→ Action item
Copy all the lines of the data that include the word "vector".

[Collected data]
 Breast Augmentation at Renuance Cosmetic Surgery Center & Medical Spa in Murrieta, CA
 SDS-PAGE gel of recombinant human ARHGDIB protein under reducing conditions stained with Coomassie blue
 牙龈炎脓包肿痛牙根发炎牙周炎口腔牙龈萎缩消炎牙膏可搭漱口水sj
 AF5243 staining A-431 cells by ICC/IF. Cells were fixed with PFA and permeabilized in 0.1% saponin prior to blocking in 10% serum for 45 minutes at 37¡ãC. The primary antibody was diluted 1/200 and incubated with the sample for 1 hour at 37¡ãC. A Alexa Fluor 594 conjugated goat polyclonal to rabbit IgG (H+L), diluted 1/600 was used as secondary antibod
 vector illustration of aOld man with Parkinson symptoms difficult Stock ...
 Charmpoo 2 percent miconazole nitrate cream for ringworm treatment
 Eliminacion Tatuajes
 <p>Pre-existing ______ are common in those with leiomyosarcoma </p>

==

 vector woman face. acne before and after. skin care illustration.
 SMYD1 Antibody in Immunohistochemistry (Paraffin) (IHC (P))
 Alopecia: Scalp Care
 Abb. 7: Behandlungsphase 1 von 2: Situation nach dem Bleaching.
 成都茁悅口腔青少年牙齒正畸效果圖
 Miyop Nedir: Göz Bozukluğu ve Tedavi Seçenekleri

→ Written reply
 vector illustration of aOld man with Parkinson symptoms difficult Stock ...
 vector woman face. acne before and after. skin care illustration.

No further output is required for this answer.